The Guardian piece also states that rents and home purchasing are prohibitive for locals from the middle class and low income people have to live in the outskirts of Punta del Este. The daily also mentions that there are no government housing projects for those unable to pay for high rents or housing.
What Mr. Balch writes about is not Maldonado or Punta del Este, there is in effect a National Housing Plan and the Uruguayan government has promoted a Social Housing plan, and this extends to the whole country, not only here, and in this matter I can talk since I'm a real estate agent. I disagree with some aspects of the housing plan because homes are too expensive or costs inflated. But this does not depend on me, I'm a city mayor, I address the problems of my jurisdiction, but in this issue it's up to the national government to wake up, because there is plenty of land and there are plots where to build.

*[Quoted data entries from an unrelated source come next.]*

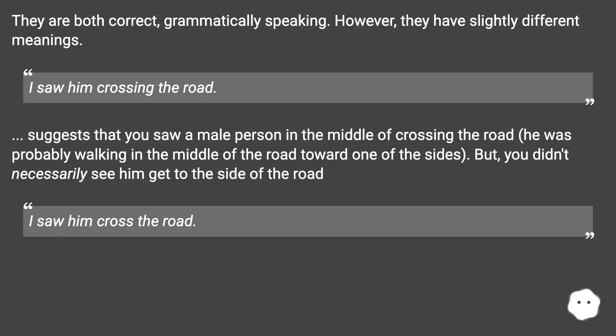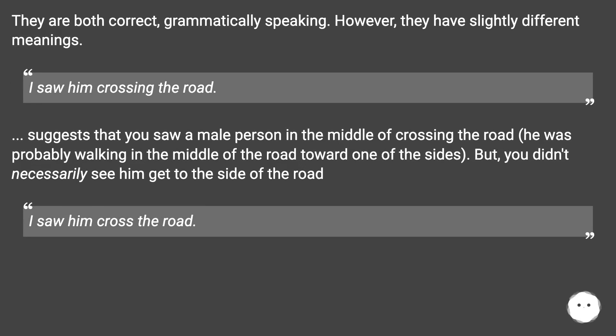They are both correct, grammatically speaking. However, they have slightly different meanings.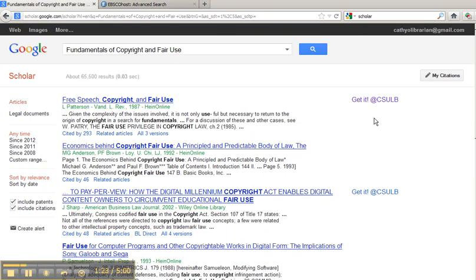For more information about Get It at CSULB, see the library's homepage. Happy searching!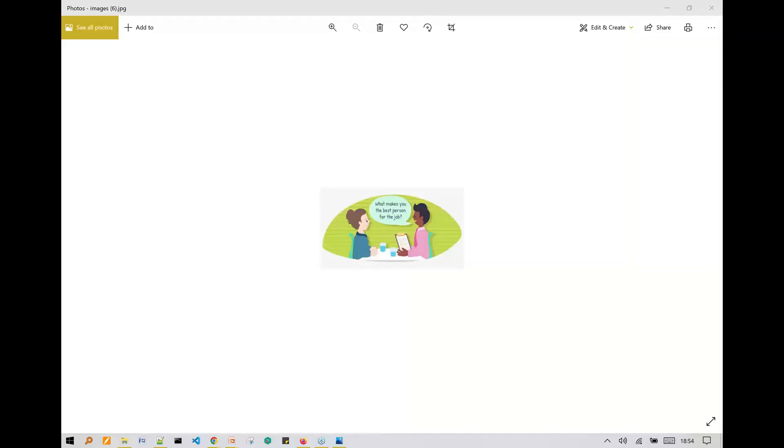What is permission set in Salesforce? So permission set is extension to profile and permission sets are useful when in the same profile you have multiple users and for them you want to give different access, at that time we use permission set. Let's see the next question.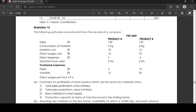Illustration number 13. Following particulars are extracted from the records of a company. For product A and product B, per unit cost: sales is $100 and $120 for product A and B respectively. Consumption of material for product A is 2 kg, for product B is 3 kg.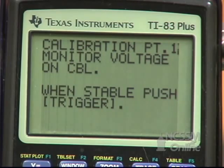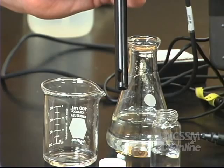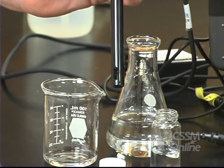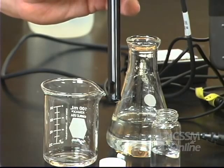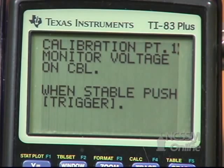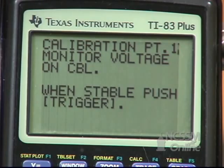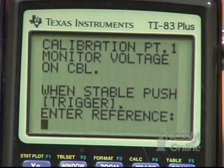This is a two-point calibration. For the first point, remove the conductivity probe from the distilled water — the first point will be taken in air. Wait for the reading on the CBL to be stable, then press Trigger on the CBL and enter a reference value of 0.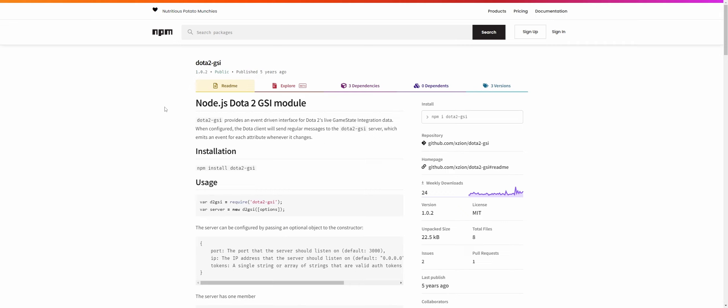So yeah, this is how to get started with game state integration within Dota 2. We're going to use the Node.js Dota 2 GSI module for it, and I will go through the steps on how to install it.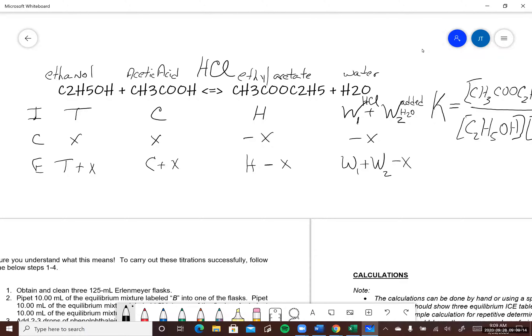The reaction under study is ethanol plus acetic acid in equilibrium with ethyl acetate and water. The purpose of the lab is to prove that the equilibrium constant is constant as long as the temperature is constant, regardless of what you start with.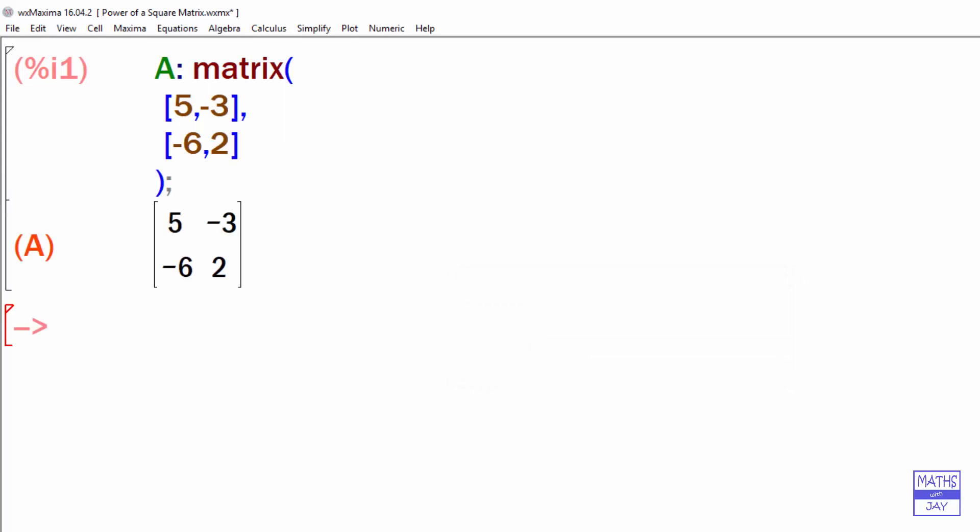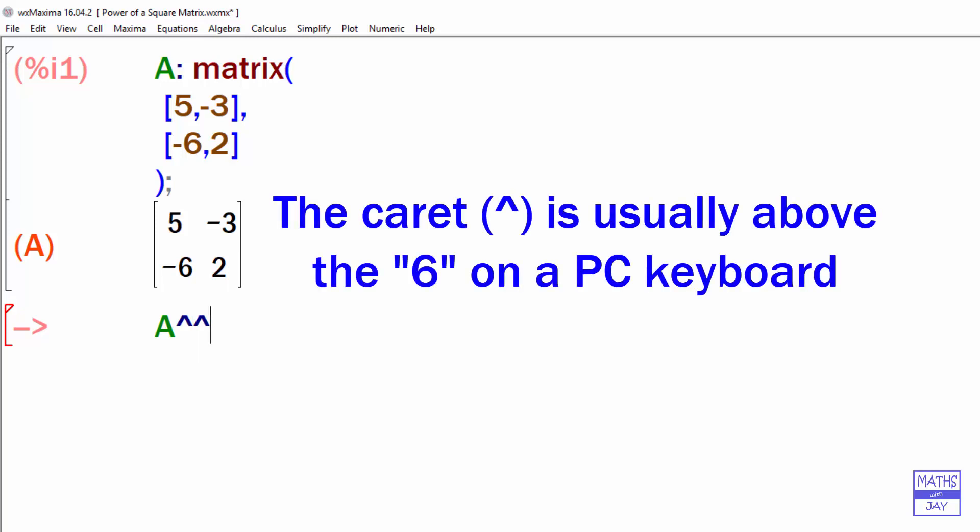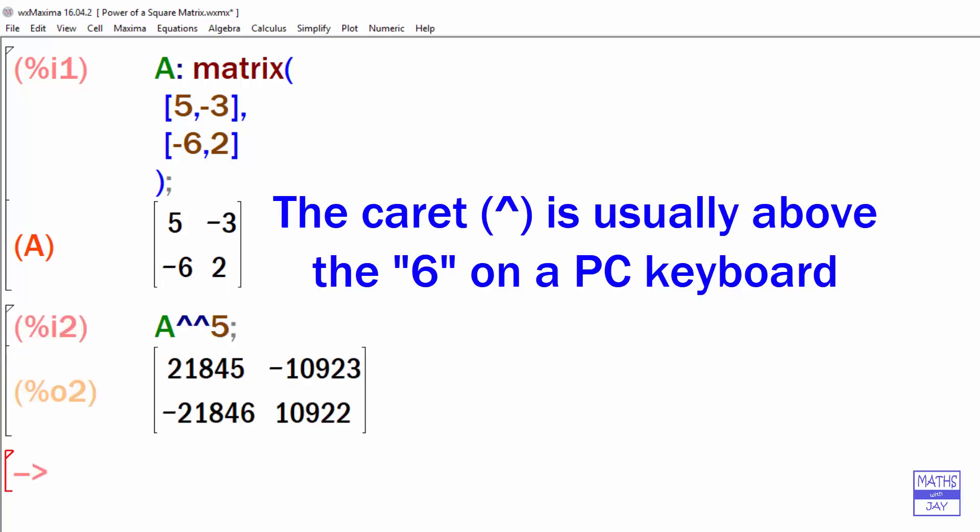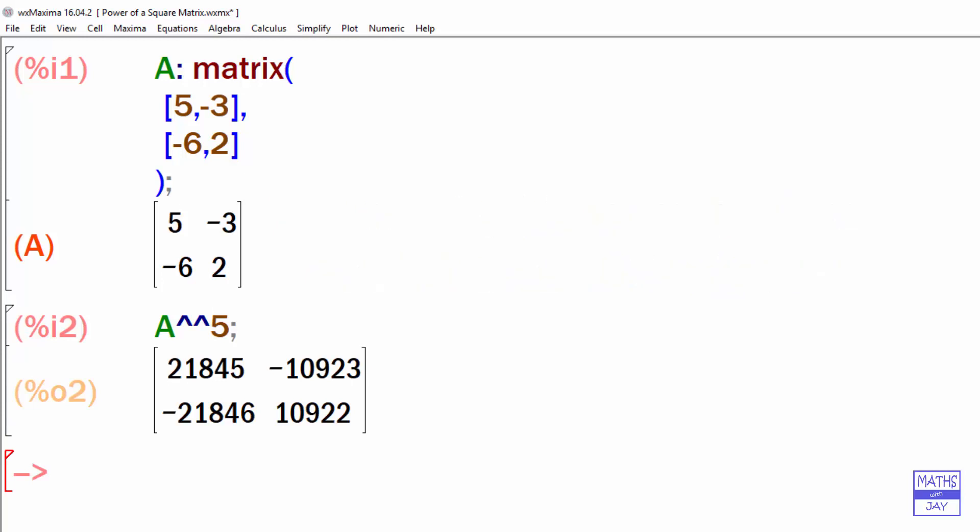So we've input the matrix, and then we're going to input A to the power of... Now this is where we need two of these little carets, and it's to the power of 5. And then enter, and there's the answer.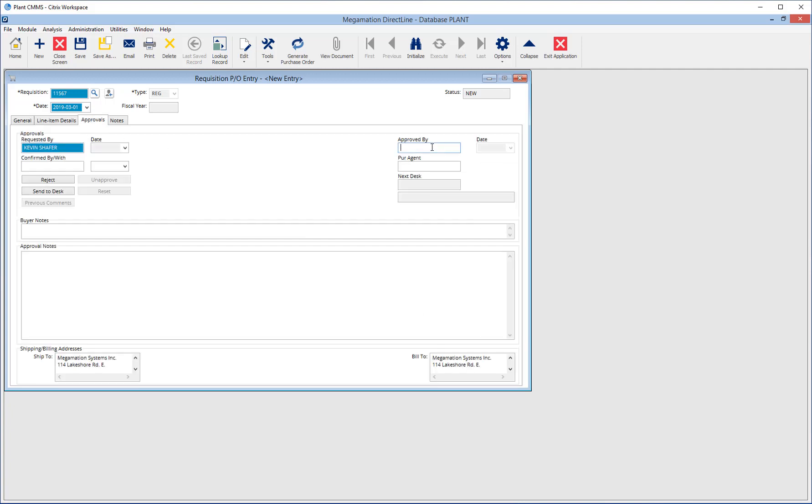Click on the Approvals tab to enter the approval password in the Approved By field. This will ensure the requisition is sent to the appropriate next desk or that it can be turned into a PO. If required, also add a Purchasing Agent by clicking the drop down and choosing from the list or typing the name in the Purchasing Agent field.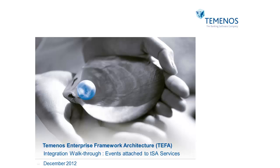Welcome to the next in our series of TEFA rollout videos. In this presentation we're going to look at use of the integration framework for attaching inbound events to TSA services.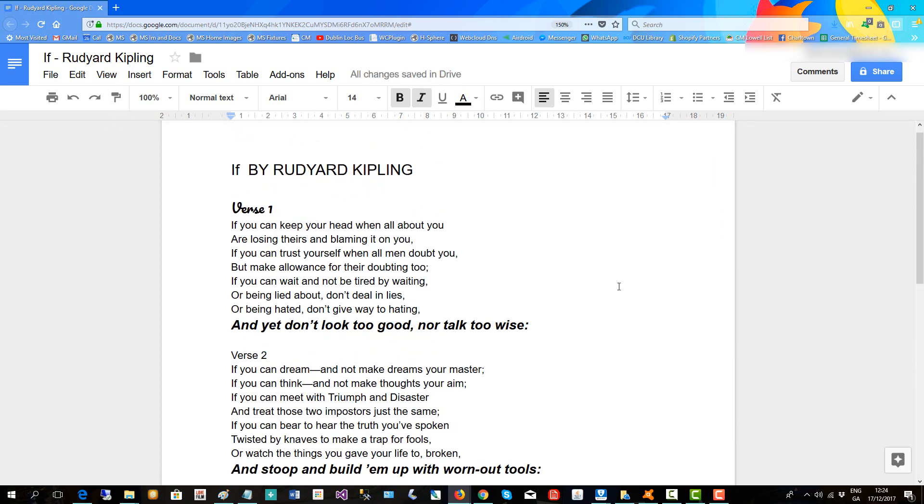You can see I have the first one here styled with a different font, so I can copy that to the other headings of the other verses.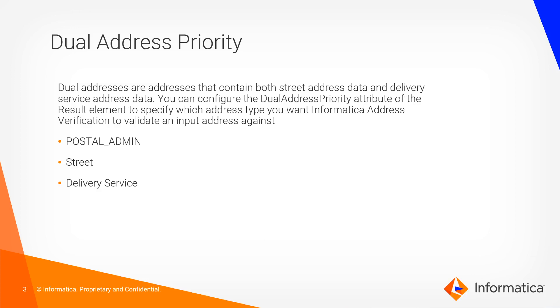By configuring this the AVV5 validates the street address, and by configuring delivery service the AVV5 validates the delivery service type addresses.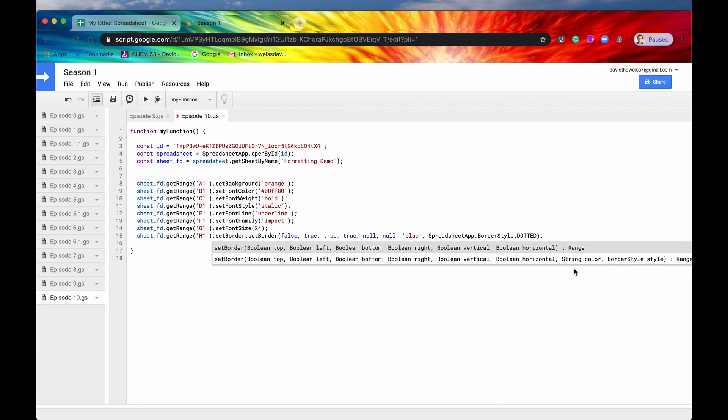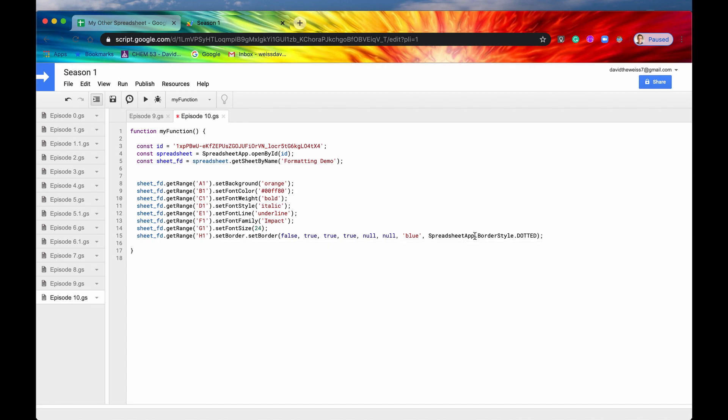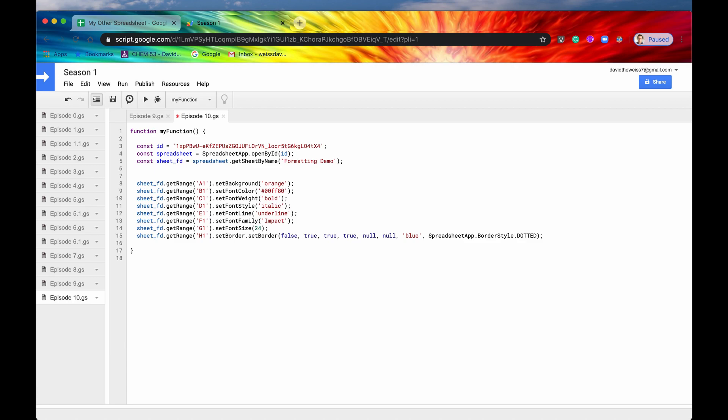The next one is color. I'll just type in blue for now. And border style. Border style is an enum of the spreadsheet app. Let's just see the options that you have. You have solid, double, dash, dotted, and then solid medium, solid thick. I'm just going to say dotted for now.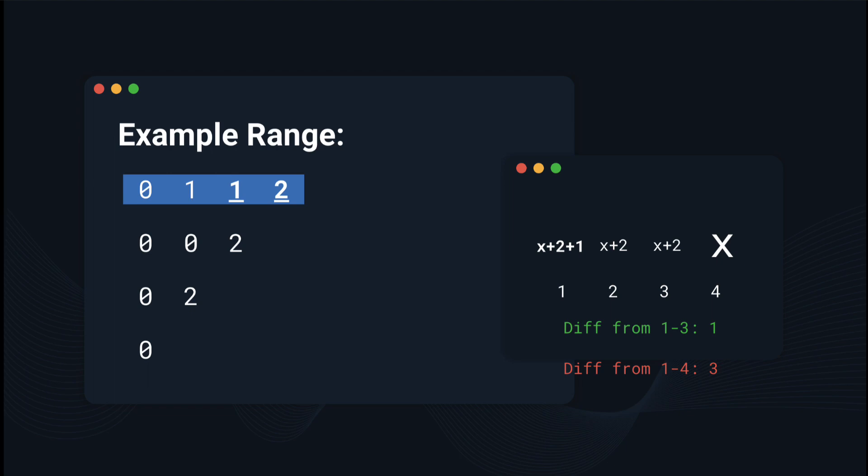And since we've proved that x plus 2 plus 1 cannot work, the only other option for the first element must be x plus 2 minus 1. And if we go back and test our ranges, which technically we don't need to do, we can see that the two ranges, the difference from 1 to 3 and the difference from 1 to 4, both work now.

As to the cost of living in Punta del Este, Jafif admits that 20.000 Pesos (approx 700 dollars) is not enough for a worker to live in Punta del Este, but on the other hand that is a low salary for this area and usually in every home there are two incomes. People have to make ends meet, but we all have to make ends meet.
Jafif added that five minutes away from Maldonado, and 15 minutes drive from Punta del Este, people can buy 300 sq meters plots for 25/30.000 dollars. Sales are good and salary earners are most of the buyers, they pay for them in installments and they themselves build their homes.